Saint Nicolas étudiants 2002

Le Père Fouettard français, le Zwarte Piet flamand et néerlandais, l'Hansmuff (littéralement : Jean qui fait la moue) des Cantons de l'Est et l'Hanscroufe (Jean le bossu) wallon semblent bien n'être que des versions édulcorées d'un de ces « diables Nicolas », face négative du vénérable et vénéré « saint Nicolas ».  

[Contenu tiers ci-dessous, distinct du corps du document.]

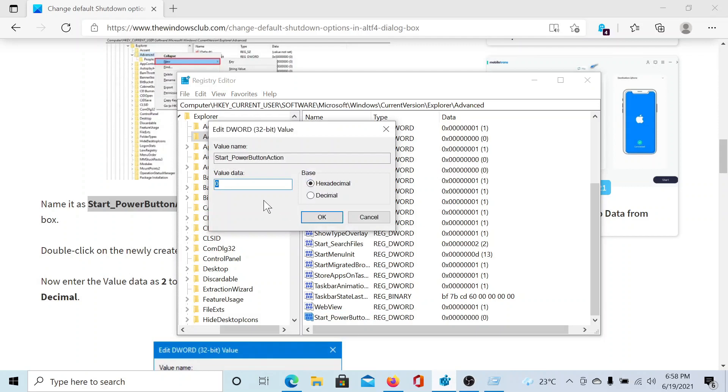Then double-click on it. We get the value data at zero, which is the default value. Change it to two and click OK.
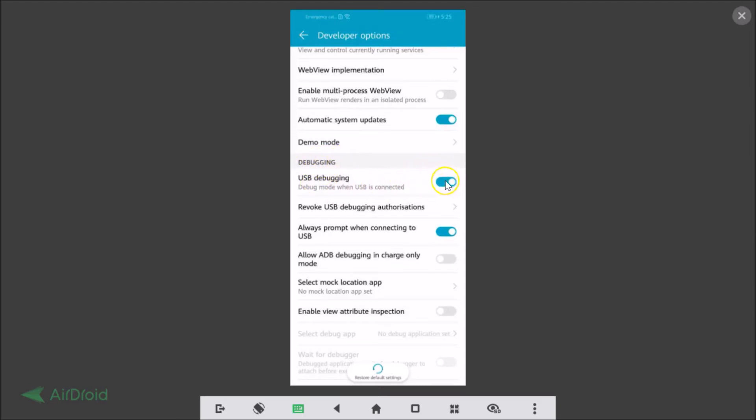So if you haven't, then you just need to tap on this toggle to enable the USB debugging option. That's it, thanks for watching. If you like my videos, please support this channel by subscribing to it. Thanks, bye bye.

Chez nous, la dualité de saint Nicolas avait une fonction symbolique qui rejoignait en quelque sorte sa fonction pragmatique : saint distributeur de friandises et de jouets aux enfants sages et studieux, il se devait, pour jouer pleinement son rôle moralisateur, de sanctionner les enfants désobéissants ou paresseux. Mais, comme tout châtiment s'accompagne de mesures peu compatibles avec la sainteté du personnage, celui-ci déléguait ses pouvoirs à celui qui l'accompagnait, le fameux « Père Fouettard ». J'emploie à dessein l'imparfait car dès l'instant où, dans les familles, les corrections corporelles et les punitions effectives ont disparu (après mai 68, diront certains, grâce à Françoise Dolto, diront d'autres), le Père Fouettard a fait de même. Les centres commerciaux et les cortèges institutionnalisés ont gardé un « valet » de saint Nicolas, d'aspect vaguement diabolique, mais il ne fait plus peur aux enfants et son rôle est essentiellement figuratif. 

 

 

Françoise Lempereur
Novembre 2009

 

crayon

Françoise Lempereur a soutenu une thèse de doctorat sur la transmission du patrimoine immatériel, matière qu'elle enseigne aux étudiants de master en Histoire de l'art et en Communication de l'ULg.

 

 
 

 


 

 

1 Voir Michel REVELARD, Fêtes et traditions masquées d'Autriche, Binche, Musée international du Carnaval et du Masque, 1987.
2 Françoise LEMPEREUR, « À la rencontre des Sylvesterklaüse » dans Tradition wallonne, revue annuelle de la Commission royale belge de Folklore, t. 3,  1986, pp. 113-124.
3 F. FUCHS et H. SCHLAPFER, Festbräuche im Appenzellerland, Herisau, Verlag Appenzeller Hefte, 1980 (traduction personnelle).
4 Colette MECHIN, Saint Nicolas. Fêtes et traditions populaires d'hier et d'aujourd'hui, Paris, Berger-Levrault, 1978.
5 Claude LEVI-STRAUSS, « Le Père Noël supplicié » dans Les Temps modernes, 7e année, n° 77, mars 1952.